En effet, depuis 2009, ces sept ONG ont été parties prenantes dans 185 affaires, soit en tant que requérantes soit en tant que tierce partie. Sur ces 185 affaires, le rapport dénombre 88 cas indiscutables de conflits d’intérêts. Sur les 22 juges liés de près ou de loin avec une des ONG mentionnées, au moins 18 ont siégé au cours d’une de ces 88 affaires. Ils ont ainsi bafoué toutes les règles déontologiques attachées à leur fonction.

Dans l’affaire Big Brother Watch contre le Royaume-Uni, il s’est avéré que dix des 17 requérants étaient financés par l’Open Society Foundation. Or six des 17 juges qui siégeaient dans cette affaire étaient d’anciens collaborateurs de la fondation.

Un exemple qui illustre une certaine déconnection de ces magistrats par rapport aux règles d’éthique. D’autant que la jurisprudence de Cour dans l’arrêt Sacilor (2006) définissait précisément les conditions dans lesquelles un juge se trouve en conflit d’intérêt ; et que l’article 6 de la Convention protège le droit à un procès équitable.
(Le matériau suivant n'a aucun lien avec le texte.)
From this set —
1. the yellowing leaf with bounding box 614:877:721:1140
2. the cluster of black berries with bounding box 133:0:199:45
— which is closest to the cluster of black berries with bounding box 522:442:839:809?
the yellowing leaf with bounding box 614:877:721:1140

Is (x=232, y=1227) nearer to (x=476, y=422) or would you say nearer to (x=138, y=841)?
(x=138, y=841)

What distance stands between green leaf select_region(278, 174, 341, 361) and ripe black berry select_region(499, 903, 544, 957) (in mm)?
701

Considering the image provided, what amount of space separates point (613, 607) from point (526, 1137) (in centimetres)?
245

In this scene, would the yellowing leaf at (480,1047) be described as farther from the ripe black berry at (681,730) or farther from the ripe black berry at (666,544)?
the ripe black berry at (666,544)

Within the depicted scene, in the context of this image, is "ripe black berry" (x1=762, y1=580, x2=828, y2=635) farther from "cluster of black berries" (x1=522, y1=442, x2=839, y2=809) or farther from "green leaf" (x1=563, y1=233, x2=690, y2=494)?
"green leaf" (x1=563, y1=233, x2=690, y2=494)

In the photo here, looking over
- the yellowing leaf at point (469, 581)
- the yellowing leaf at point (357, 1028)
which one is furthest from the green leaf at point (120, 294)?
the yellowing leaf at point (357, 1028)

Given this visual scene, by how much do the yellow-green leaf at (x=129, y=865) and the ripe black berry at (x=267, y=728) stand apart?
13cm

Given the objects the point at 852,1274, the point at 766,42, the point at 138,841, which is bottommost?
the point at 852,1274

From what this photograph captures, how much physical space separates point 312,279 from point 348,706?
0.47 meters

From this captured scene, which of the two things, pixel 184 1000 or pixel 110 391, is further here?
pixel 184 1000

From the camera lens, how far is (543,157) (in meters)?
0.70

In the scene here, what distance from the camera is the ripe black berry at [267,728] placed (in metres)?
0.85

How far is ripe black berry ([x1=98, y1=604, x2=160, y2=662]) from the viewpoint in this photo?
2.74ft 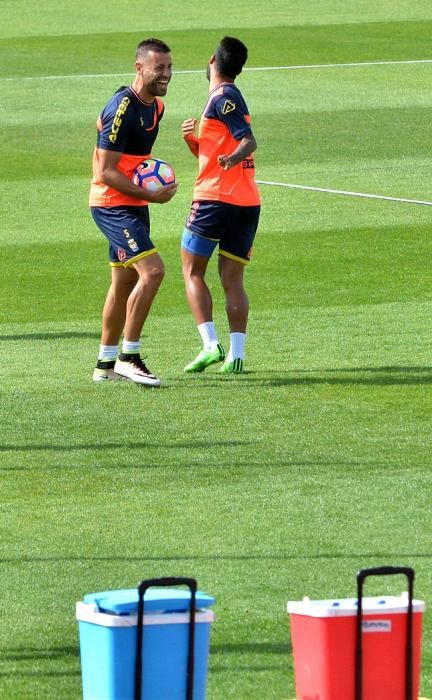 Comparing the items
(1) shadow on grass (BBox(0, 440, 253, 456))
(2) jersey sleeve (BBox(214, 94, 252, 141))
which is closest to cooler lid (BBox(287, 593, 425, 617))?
(1) shadow on grass (BBox(0, 440, 253, 456))

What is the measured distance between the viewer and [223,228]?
1158 centimetres

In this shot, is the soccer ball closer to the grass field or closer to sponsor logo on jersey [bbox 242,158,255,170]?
sponsor logo on jersey [bbox 242,158,255,170]

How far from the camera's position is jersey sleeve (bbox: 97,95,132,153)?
35.5ft

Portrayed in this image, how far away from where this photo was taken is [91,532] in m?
7.72

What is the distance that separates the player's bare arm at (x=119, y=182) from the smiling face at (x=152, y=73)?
1.51 feet

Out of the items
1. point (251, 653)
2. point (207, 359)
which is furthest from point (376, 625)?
point (207, 359)

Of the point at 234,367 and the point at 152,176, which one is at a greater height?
the point at 152,176

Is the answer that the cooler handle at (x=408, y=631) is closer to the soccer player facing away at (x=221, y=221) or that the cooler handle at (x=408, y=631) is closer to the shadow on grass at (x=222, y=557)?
the shadow on grass at (x=222, y=557)

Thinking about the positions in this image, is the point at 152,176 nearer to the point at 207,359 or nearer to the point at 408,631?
the point at 207,359

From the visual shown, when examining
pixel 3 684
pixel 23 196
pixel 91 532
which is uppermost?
pixel 23 196

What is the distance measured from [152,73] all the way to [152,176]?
0.65 m

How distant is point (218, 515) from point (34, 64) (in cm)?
2457

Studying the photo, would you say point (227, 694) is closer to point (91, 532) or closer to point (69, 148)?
point (91, 532)

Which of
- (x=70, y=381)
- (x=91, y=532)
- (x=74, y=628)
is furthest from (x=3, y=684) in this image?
(x=70, y=381) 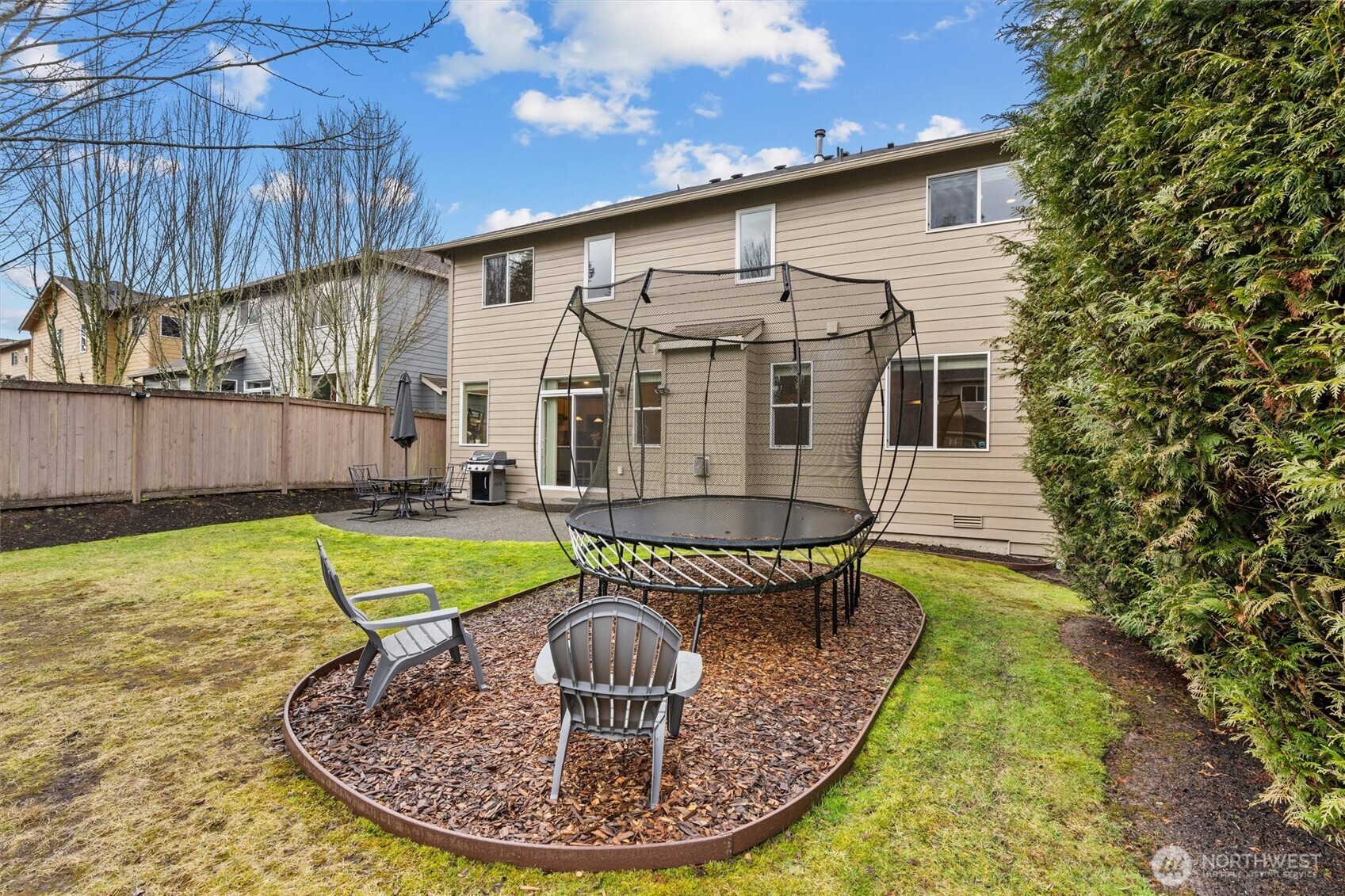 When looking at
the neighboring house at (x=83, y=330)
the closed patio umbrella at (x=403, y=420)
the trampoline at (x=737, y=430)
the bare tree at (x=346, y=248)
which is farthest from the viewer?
the bare tree at (x=346, y=248)

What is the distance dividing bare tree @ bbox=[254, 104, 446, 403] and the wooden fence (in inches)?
93.1

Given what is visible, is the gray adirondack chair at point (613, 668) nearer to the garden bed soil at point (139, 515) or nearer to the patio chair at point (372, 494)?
the patio chair at point (372, 494)

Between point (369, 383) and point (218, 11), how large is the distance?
13.4 metres

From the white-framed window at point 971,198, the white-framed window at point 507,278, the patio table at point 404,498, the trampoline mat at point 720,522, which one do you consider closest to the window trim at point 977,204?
the white-framed window at point 971,198

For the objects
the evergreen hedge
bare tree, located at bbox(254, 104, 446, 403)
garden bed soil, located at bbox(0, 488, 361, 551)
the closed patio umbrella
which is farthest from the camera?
bare tree, located at bbox(254, 104, 446, 403)

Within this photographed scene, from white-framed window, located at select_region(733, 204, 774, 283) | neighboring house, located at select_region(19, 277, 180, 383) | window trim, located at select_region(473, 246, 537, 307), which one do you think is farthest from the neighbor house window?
neighboring house, located at select_region(19, 277, 180, 383)

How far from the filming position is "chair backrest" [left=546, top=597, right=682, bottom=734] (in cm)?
215

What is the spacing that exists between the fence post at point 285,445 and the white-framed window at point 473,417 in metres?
3.13

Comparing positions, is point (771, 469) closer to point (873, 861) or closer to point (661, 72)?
point (873, 861)

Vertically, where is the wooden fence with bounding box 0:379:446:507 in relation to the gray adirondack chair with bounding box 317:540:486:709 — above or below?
above

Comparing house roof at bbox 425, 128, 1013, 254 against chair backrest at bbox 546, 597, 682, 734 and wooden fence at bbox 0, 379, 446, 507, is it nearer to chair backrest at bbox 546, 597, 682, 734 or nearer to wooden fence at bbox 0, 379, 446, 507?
wooden fence at bbox 0, 379, 446, 507

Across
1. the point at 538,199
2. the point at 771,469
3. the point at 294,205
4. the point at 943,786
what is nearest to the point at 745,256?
the point at 771,469

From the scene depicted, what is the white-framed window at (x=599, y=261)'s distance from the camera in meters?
10.2

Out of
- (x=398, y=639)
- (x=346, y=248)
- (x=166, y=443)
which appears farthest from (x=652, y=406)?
(x=346, y=248) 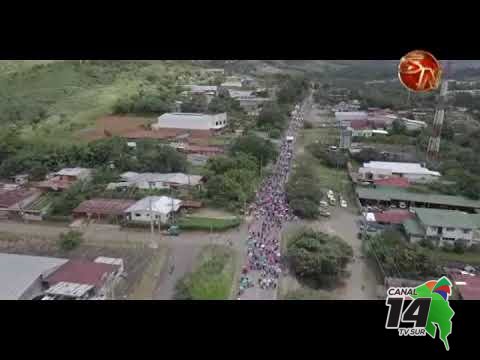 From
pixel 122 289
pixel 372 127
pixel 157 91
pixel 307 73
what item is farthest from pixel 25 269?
pixel 307 73

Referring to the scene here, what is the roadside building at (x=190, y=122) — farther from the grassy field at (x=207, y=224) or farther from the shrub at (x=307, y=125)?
the grassy field at (x=207, y=224)

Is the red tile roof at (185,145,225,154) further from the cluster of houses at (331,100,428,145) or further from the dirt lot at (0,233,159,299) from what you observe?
the dirt lot at (0,233,159,299)

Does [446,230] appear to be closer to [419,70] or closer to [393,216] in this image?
[393,216]

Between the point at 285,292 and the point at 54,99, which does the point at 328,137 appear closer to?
the point at 285,292

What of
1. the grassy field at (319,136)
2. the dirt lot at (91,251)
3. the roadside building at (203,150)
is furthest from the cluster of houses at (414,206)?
the dirt lot at (91,251)

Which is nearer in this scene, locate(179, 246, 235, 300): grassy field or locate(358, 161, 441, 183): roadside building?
locate(179, 246, 235, 300): grassy field

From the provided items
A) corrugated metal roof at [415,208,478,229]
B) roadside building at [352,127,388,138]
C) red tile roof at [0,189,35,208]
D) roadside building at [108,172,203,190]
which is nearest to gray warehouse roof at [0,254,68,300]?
red tile roof at [0,189,35,208]

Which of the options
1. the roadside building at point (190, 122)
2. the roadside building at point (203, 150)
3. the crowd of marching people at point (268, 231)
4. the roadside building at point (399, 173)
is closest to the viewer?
the crowd of marching people at point (268, 231) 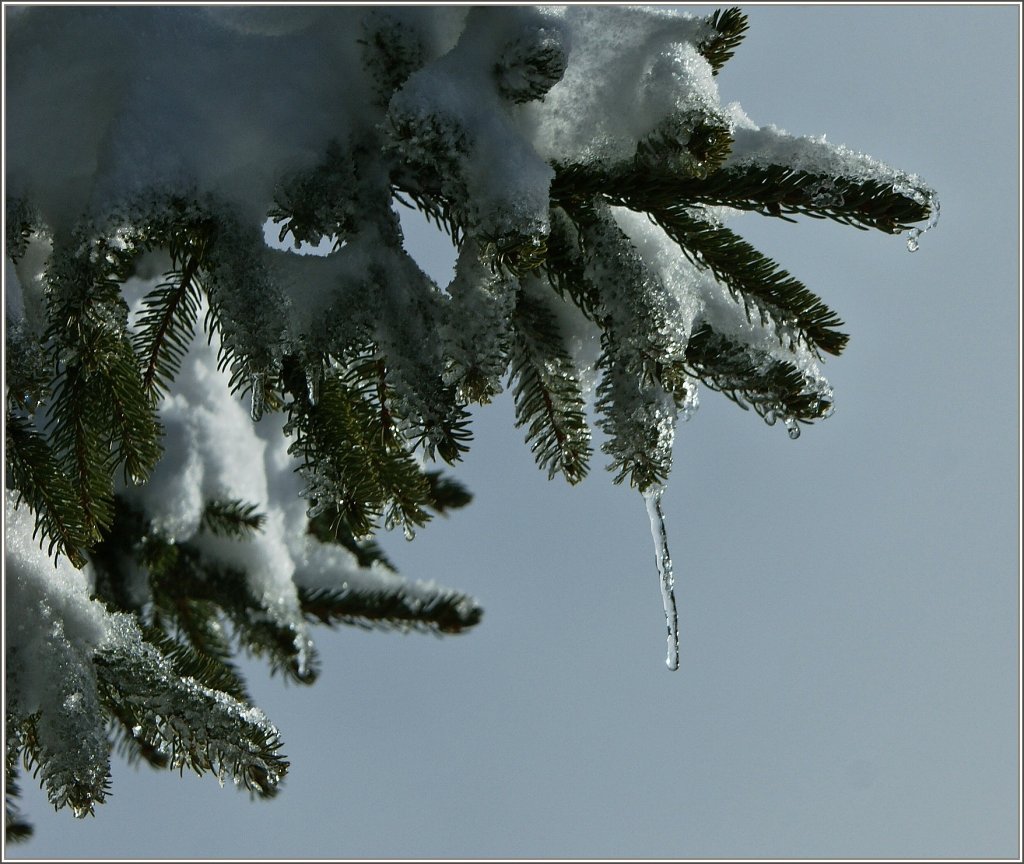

Ces juges ne respectent donc ni les règles instituées par la convention ni la jurisprudence de leur institution.

Des propositions pour limiter les conflits d’intérêts

Les auteurs suggèrent quelques propositions à approfondir. Par exemple, éviter la nomination de militants aux postes de juges et rendre contraignants les avis consultatifs du Panel. Celui-ci a rendu neuf avis négatifs depuis sa création en 2010, sans résultat.

Dans l’optique de renforcer la légitimité des juges et leur impartialité, il faudrait rendre publics leur curriculum vitae et leur interdire de siéger dans le cadre d’affaires pouvant constituer un conflit d’intérêts. Le conseil consultatif du Conseil de l’Europe doit, dès lors, obtenir des compétences élargies, notamment en matière de déclarations d’intérêts des juges.

Il serait bon qu’un contrôle annuel soit exercé sur ces déclarations. Un tel mécanisme existe aux États-Unis pour les juges de la Cour Suprême. L’importance juridictionnelle de la CEDH fait que l’on est en droit d’exiger de l’Assemblée du Conseil de l’Europe, une sélection rigoureuse des juges.

L’ennui est que l’Assemblée parlementaire dans son rapport de 2018 s’est refusée à élargir les compétences du Panel en matière de contrôle et de transparence. À terme, la Cour risque de perdre en légitimité. Nos libertés en pâtiront !

Sur le web

  1. ONG internationale chrétienne, qui promeut la défense de la vie, de la liberté d’expression et le droit à l’objection de conscience.